The wide receiver caught a team-high 76 passes for 965 yards and eight touchdowns in 2014, which earned him All-ACC second-team honors as well as First-Team Freshman All-American accolades.
So what does all that get Scott in 2015? According to head coach Dabo Swinney it gets him nothing.
“They don’t give out sophomore All-American teams,” Clemson’s headman said. “That Freshman All-American stuff is just great. If you can play a little bit and get on TV a couple of times they give you Freshman All-American. There ain’t no Sophomore All-American. There is just one team.”
Swinney wants to see Scott get on that one team, but first he has to grow and develop into a more complete wide receiver, in particular making plays down the field, before he can be called a true All-American.
Scott is more than capable of doing that. Against Georgia, he made a long catch down the sideline where he reached over a Georgia player to pull down a 30-yard pass. But after that most of Scott’s plays were made following slants, quick screens or on speed sweeps.
His longest play of the year came in games against Wake Forest, South Carolina and Oklahoma and they all came on speed sweeps.
“Obviously, he showed what he can do when he gets the ball in his hands,” Scott’s position coach and co-offensive coordinator Jeff Scott said. “We wanted to challenge him to be a complete receiver, not just known as a guy that can catch a quick screen or a speed sweep and take it the distance, but can you develop and be a down the field receiver, a downfield threat?”
In other words, Jeff Scott and Swinney want to see Artavis Scott make plays like Sammy Watkins did during his three years at Clemson.
“That is something we have had in that position,” Jeff Scott said. “A guy like Sammy Watkins, obviously, did really well with the quick screens, but if they wanted to come up and get in his face, then you can go over the top with the deep balls.
“That is something Artavis has had to really develop and work on.
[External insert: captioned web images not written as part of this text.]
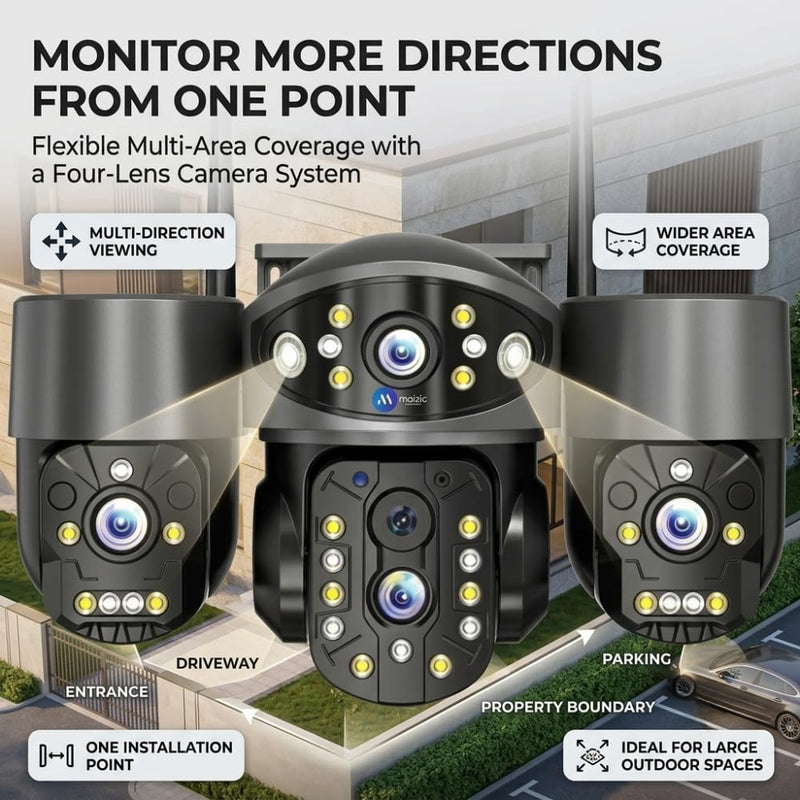 Maizic Smarthome Quadgenie 2.0 4G (6MPx4) Four Lens/Screens Outdoor CCTV Camera | Bullet + Triple PTZ | Color Night Vision | AI Human Detection | Two-Way Talk | IP67 Waterproof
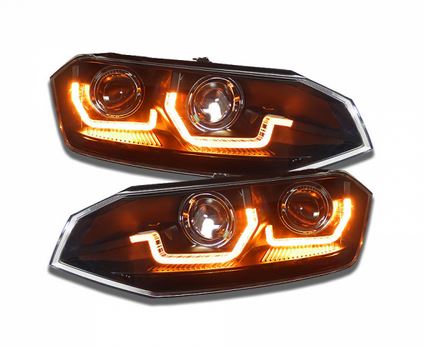 Headlights VW Polo Polo VI (2G) black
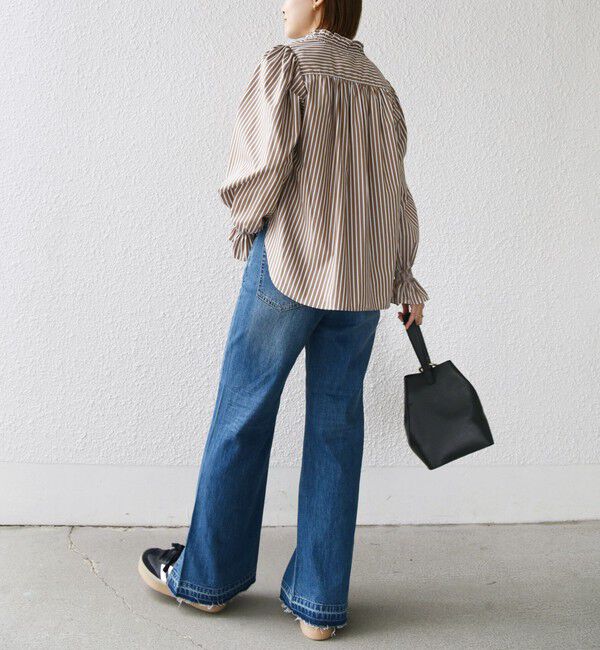 SHIPS for women「【WEB限定】〈手洗い可能〉 シャーリング Vネック 長袖 ブラウス」|シャツ・ブラウス|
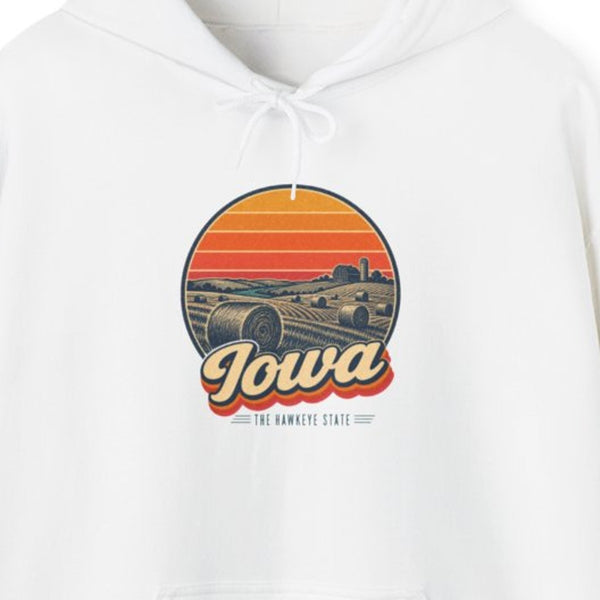 Iowa Hay Bales At Sunset Hoodie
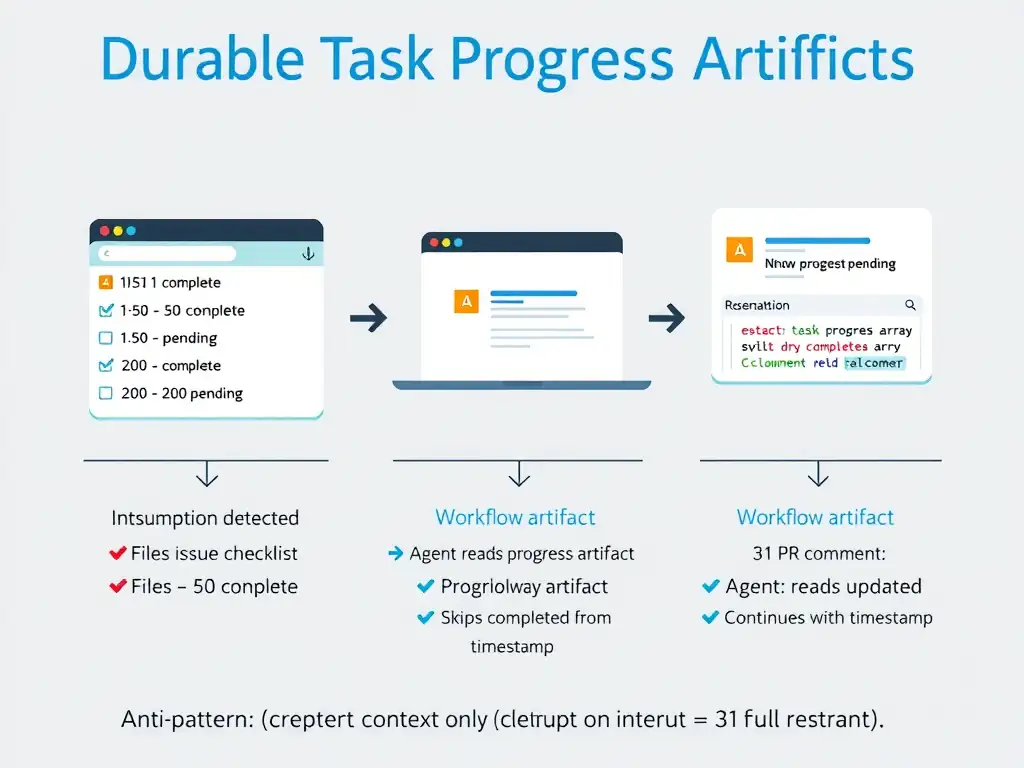 2048x1536 educational infographic titled 'Durable Task Progress Artifacts'. Three durable artifact types shown: 1) GitHub Issue checklist (✅ files 1-50 complete, ⬜ files 51-200 pending), 2) Workflow artifact (progress.json with completed array), 3) PR comment (progress update with timestamp). Resumption flow: interruption detected → agent reads progress artifact → skips completed → continues from file 51. Anti-pattern: context window only (cleared on interrupt = full restart). GitHub dark theme.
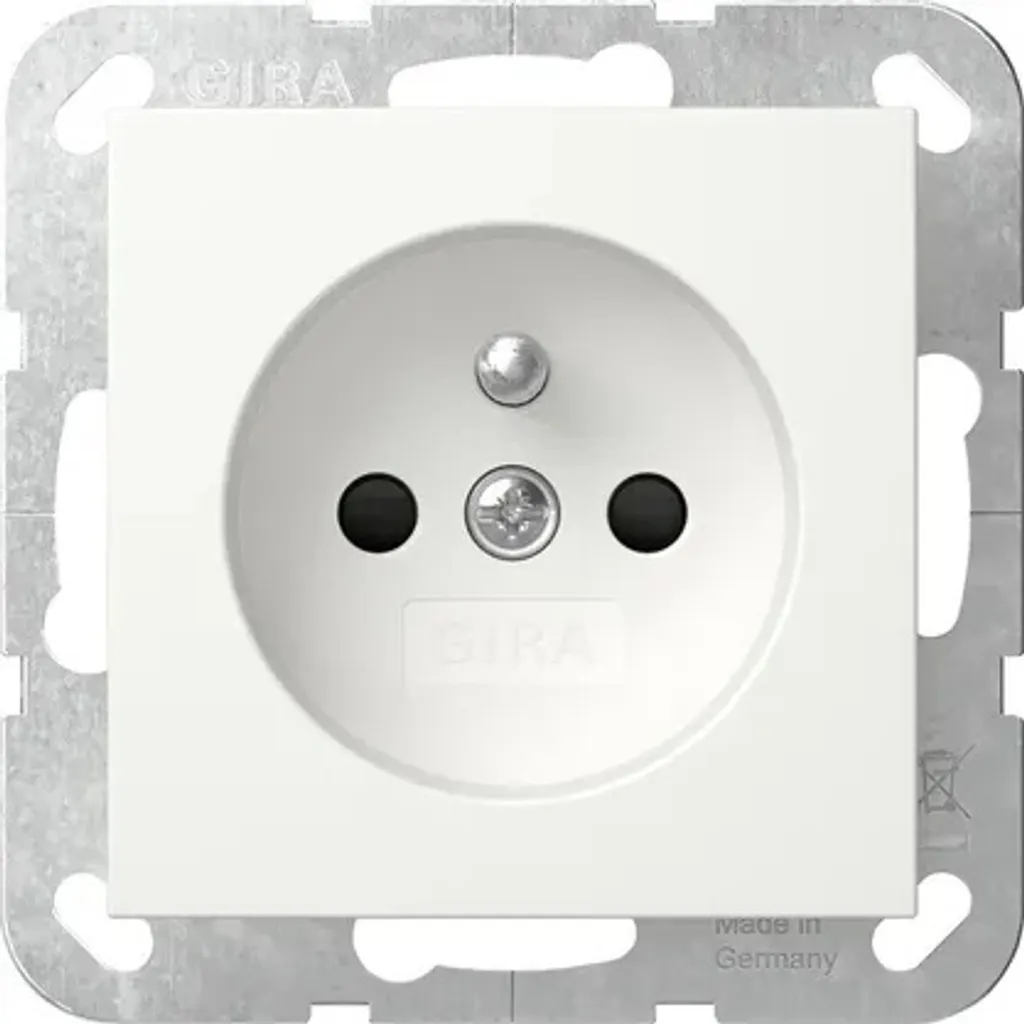 Gira Prise 448527 Système 55 avec Protection Surtension SP Blanc Pur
He has stayed after practice and worked on that.”
Artavis Scott’s hard work paid off in the spring game when he out leaped cornerback Adrian Baker for a 20-yard touchdown. He later made a leaping catch over another defender for a 40-yard gain and finished the afternoon with four catches for 75 yards.
“I was really proud of him, even if he was on the other team,” said Jeff Scott, who called the plays for the Orange team on Saturday. “I was proud to see him go finish the nice catch because that was really one of the things we were working on with him all spring.”
Artavis Scott worked on high-pointing balls, holding lines, releases, route technique and finishing plays with body control when defenders are leaning on him.
“That’s what he needs to do and you saw that (in the spring game),” Swinney said. “It was great to see him have success today because that is going to help him mentally because he has worked really hard.
“He made some huge plays down the field and we have to have that from him.”
Swinney said doing those kinds of things weren’t much of a focus for Scott in 2014 because they were trying to just get him comfortable in the offense and get him going.
“We really need that other guy (who can get down field),” Swinney said.